Your instructions:
Write out exactly, please, the lines from the one containing "重慶文理學院成人高考官網是哪個？考試科目有哪些？" to the end of the material.

Dataset content:
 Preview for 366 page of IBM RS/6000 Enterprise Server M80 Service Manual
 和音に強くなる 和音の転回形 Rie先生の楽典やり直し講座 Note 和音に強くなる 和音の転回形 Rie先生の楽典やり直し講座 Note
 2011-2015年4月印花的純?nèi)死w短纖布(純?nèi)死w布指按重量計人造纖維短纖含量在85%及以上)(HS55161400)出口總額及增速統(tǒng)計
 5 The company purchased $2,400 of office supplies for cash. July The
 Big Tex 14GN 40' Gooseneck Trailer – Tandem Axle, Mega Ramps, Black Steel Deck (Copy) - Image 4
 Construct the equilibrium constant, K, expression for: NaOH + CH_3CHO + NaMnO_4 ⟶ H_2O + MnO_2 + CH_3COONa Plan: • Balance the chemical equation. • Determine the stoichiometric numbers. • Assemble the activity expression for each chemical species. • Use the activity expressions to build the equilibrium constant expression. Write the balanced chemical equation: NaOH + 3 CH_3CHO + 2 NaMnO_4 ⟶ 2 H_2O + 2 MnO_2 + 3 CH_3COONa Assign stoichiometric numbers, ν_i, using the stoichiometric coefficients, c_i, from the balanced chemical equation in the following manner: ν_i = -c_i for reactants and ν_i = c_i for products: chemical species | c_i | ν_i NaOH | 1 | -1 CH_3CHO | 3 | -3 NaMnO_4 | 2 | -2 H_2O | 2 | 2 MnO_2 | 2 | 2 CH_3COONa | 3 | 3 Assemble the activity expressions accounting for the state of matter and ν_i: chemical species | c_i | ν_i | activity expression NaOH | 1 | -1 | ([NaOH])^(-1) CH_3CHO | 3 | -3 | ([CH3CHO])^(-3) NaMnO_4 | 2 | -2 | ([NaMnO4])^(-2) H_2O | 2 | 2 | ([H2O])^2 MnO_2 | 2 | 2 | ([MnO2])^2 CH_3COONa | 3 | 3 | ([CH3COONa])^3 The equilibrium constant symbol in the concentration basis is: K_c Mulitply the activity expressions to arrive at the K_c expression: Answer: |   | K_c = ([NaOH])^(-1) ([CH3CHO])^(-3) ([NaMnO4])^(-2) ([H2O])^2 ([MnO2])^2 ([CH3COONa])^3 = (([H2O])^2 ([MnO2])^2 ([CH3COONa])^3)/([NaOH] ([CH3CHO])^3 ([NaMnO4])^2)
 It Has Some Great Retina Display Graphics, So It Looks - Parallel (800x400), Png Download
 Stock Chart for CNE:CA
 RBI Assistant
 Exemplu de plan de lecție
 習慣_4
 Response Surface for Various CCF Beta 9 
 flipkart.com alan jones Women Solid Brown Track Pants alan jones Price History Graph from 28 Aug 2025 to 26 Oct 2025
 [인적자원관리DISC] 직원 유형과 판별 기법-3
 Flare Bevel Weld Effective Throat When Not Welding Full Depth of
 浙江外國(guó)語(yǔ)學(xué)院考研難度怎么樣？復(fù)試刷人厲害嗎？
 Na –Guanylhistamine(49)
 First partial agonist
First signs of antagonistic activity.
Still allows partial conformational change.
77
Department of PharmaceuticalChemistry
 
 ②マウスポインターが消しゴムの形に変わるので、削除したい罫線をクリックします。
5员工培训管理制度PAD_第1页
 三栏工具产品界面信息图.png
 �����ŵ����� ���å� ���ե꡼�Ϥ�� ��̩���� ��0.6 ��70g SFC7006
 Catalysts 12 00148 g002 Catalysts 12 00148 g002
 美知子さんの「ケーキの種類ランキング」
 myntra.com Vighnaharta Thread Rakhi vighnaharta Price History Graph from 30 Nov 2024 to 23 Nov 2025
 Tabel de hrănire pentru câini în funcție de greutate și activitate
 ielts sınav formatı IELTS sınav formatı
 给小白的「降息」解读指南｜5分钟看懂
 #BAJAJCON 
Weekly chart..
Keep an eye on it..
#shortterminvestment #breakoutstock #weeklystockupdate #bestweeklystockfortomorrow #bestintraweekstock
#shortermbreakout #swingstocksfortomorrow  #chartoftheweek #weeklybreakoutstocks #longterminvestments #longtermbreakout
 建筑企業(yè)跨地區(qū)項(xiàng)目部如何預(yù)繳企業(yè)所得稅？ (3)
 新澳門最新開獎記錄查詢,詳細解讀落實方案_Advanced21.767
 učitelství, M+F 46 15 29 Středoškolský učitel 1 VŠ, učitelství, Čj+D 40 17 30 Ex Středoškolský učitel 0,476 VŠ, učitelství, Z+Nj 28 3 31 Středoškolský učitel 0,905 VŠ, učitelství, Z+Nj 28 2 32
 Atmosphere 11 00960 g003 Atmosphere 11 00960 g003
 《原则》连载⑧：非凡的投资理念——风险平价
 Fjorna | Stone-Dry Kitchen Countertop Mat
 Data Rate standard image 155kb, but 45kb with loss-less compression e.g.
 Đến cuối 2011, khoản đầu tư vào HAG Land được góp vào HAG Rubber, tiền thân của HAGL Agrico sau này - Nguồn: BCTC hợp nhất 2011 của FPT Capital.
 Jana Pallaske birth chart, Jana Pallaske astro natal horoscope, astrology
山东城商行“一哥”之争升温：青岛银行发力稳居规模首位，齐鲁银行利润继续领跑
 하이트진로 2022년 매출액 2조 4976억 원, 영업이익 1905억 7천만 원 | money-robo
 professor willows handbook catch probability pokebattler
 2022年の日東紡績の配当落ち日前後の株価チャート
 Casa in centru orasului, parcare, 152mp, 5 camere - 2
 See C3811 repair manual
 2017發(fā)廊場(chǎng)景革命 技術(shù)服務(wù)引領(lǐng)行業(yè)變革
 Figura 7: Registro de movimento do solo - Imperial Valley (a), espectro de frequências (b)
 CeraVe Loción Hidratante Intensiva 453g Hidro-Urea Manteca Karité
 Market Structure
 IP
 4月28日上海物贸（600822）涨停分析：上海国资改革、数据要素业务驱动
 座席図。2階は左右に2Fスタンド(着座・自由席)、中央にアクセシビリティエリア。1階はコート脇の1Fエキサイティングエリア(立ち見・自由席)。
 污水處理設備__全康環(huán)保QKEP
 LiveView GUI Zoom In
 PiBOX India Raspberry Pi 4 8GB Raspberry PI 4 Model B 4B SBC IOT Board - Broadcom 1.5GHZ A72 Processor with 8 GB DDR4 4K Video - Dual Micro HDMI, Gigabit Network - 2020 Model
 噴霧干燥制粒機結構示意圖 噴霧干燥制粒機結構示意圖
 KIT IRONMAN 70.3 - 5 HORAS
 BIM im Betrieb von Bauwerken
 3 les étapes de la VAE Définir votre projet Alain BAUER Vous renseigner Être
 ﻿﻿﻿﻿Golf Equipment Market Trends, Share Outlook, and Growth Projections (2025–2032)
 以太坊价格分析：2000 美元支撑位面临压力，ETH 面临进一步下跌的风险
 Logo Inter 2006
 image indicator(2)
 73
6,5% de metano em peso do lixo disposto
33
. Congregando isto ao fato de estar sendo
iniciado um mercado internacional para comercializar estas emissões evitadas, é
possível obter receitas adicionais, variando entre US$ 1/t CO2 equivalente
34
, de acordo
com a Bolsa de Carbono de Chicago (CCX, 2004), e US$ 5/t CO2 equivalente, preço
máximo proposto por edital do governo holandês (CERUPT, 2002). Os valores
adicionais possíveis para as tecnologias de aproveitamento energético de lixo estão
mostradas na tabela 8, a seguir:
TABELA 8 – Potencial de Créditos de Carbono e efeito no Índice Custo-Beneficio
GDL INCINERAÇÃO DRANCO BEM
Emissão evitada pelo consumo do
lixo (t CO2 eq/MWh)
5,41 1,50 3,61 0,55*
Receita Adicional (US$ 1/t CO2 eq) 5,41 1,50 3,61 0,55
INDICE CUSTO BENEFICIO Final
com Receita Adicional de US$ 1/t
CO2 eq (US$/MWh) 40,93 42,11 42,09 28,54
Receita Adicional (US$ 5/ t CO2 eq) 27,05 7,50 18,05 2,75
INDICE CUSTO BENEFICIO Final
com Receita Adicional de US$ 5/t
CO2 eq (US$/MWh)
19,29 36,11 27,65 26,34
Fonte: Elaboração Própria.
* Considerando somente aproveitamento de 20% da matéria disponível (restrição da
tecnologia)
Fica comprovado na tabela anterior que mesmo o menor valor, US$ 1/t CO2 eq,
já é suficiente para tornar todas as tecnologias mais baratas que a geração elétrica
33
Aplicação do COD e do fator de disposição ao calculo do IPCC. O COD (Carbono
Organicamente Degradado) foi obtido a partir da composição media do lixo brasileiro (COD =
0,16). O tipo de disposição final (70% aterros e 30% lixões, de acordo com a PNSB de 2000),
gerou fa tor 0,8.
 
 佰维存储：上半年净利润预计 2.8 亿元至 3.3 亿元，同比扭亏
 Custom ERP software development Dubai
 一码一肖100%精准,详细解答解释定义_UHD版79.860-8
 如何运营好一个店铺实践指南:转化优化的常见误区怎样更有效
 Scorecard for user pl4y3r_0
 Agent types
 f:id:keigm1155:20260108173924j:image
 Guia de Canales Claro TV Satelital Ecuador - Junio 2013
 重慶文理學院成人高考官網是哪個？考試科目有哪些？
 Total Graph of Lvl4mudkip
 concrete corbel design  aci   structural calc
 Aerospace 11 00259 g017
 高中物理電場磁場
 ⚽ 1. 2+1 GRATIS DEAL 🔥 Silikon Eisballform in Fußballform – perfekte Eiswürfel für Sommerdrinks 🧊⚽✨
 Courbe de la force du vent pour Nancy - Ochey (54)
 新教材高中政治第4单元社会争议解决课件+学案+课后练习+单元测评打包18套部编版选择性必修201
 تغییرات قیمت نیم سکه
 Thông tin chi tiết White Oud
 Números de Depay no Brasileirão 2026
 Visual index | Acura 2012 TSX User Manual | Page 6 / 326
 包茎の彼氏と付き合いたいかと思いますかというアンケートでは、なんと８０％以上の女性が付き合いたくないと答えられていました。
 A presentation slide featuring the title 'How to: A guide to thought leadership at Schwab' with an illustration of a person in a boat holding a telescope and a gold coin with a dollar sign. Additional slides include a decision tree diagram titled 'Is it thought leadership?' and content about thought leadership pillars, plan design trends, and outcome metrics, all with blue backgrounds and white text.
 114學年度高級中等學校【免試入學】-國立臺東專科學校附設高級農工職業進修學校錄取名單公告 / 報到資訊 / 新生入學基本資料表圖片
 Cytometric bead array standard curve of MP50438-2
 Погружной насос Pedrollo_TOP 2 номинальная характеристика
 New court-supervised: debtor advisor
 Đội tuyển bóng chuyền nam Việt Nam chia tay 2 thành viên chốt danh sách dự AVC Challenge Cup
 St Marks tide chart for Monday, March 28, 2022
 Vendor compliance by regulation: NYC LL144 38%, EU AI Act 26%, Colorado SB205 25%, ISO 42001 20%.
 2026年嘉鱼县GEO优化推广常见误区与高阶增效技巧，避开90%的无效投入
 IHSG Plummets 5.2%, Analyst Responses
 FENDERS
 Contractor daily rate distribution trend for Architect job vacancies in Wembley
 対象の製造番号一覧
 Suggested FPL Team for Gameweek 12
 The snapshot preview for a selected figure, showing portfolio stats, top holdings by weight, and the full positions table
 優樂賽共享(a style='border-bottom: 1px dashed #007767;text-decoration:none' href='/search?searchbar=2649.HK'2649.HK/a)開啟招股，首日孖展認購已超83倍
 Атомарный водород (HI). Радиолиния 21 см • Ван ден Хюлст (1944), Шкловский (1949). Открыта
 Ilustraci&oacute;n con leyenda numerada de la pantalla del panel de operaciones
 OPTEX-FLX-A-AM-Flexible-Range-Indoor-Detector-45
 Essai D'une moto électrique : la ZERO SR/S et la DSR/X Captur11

Output for this exercise:
 重慶文理學院成人高考官網是哪個？考試科目有哪些？
 Total Graph of Lvl4mudkip
 concrete corbel design  aci   structural calc
 Aerospace 11 00259 g017
 高中物理電場磁場
 ⚽ 1. 2+1 GRATIS DEAL 🔥 Silikon Eisballform in Fußballform – perfekte Eiswürfel für Sommerdrinks 🧊⚽✨
 Courbe de la force du vent pour Nancy - Ochey (54)
 新教材高中政治第4单元社会争议解决课件+学案+课后练习+单元测评打包18套部编版选择性必修201
 تغییرات قیمت نیم سکه
 Thông tin chi tiết White Oud
 Números de Depay no Brasileirão 2026
 Visual index | Acura 2012 TSX User Manual | Page 6 / 326
 包茎の彼氏と付き合いたいかと思いますかというアンケートでは、なんと８０％以上の女性が付き合いたくないと答えられていました。
 A presentation slide featuring the title 'How to: A guide to thought leadership at Schwab' with an illustration of a person in a boat holding a telescope and a gold coin with a dollar sign. Additional slides include a decision tree diagram titled 'Is it thought leadership?' and content about thought leadership pillars, plan design trends, and outcome metrics, all with blue backgrounds and white text.
 114學年度高級中等學校【免試入學】-國立臺東專科學校附設高級農工職業進修學校錄取名單公告 / 報到資訊 / 新生入學基本資料表圖片
 Cytometric bead array standard curve of MP50438-2
 Погружной насос Pedrollo_TOP 2 номинальная характеристика
 New court-supervised: debtor advisor
 Đội tuyển bóng chuyền nam Việt Nam chia tay 2 thành viên chốt danh sách dự AVC Challenge Cup
 St Marks tide chart for Monday, March 28, 2022
 Vendor compliance by regulation: NYC LL144 38%, EU AI Act 26%, Colorado SB205 25%, ISO 42001 20%.
 2026年嘉鱼县GEO优化推广常见误区与高阶增效技巧，避开90%的无效投入
 IHSG Plummets 5.2%, Analyst Responses
 FENDERS
 Contractor daily rate distribution trend for Architect job vacancies in Wembley
 対象の製造番号一覧
 Suggested FPL Team for Gameweek 12
 The snapshot preview for a selected figure, showing portfolio stats, top holdings by weight, and the full positions table
 優樂賽共享(a style='border-bottom: 1px dashed #007767;text-decoration:none' href='/search?searchbar=2649.HK'2649.HK/a)開啟招股，首日孖展認購已超83倍
 Атомарный водород (HI). Радиолиния 21 см • Ван ден Хюлст (1944), Шкловский (1949). Открыта
 Ilustraci&oacute;n con leyenda numerada de la pantalla del panel de operaciones
 OPTEX-FLX-A-AM-Flexible-Range-Indoor-Detector-45
 Essai D'une moto électrique : la ZERO SR/S et la DSR/X Captur11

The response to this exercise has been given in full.